◆ Your task
Only text belongs in your copy of the listing below; reproduce it exactly and leave out the pictures.

*** Opening Given information ***

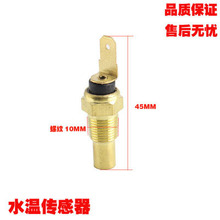 �m��춲��Ͱl늙CVDO�ضȂ�����1/8NPTˮ�؂������L������΢��܇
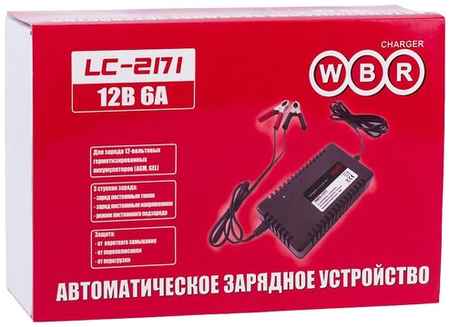Зарядное устройство WBR LC- 2171 (12 В, 6 А) для свинцово-кислотных аккумуляторов на 12в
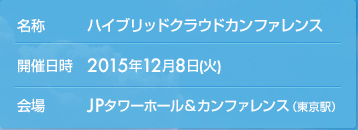 2015年12月8日(火) JPタワーホール＆カンファレンス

*** Closing Given information ***

◆ Completed exercise
 �m��춲��Ͱl늙CVDO�ضȂ�����1/8NPTˮ�؂������L������΢��܇
Зарядное устройство WBR LC- 2171 (12 В, 6 А) для свинцово-кислотных аккумуляторов на 12в
 2015年12月8日(火) JPタワーホール＆カンファレンス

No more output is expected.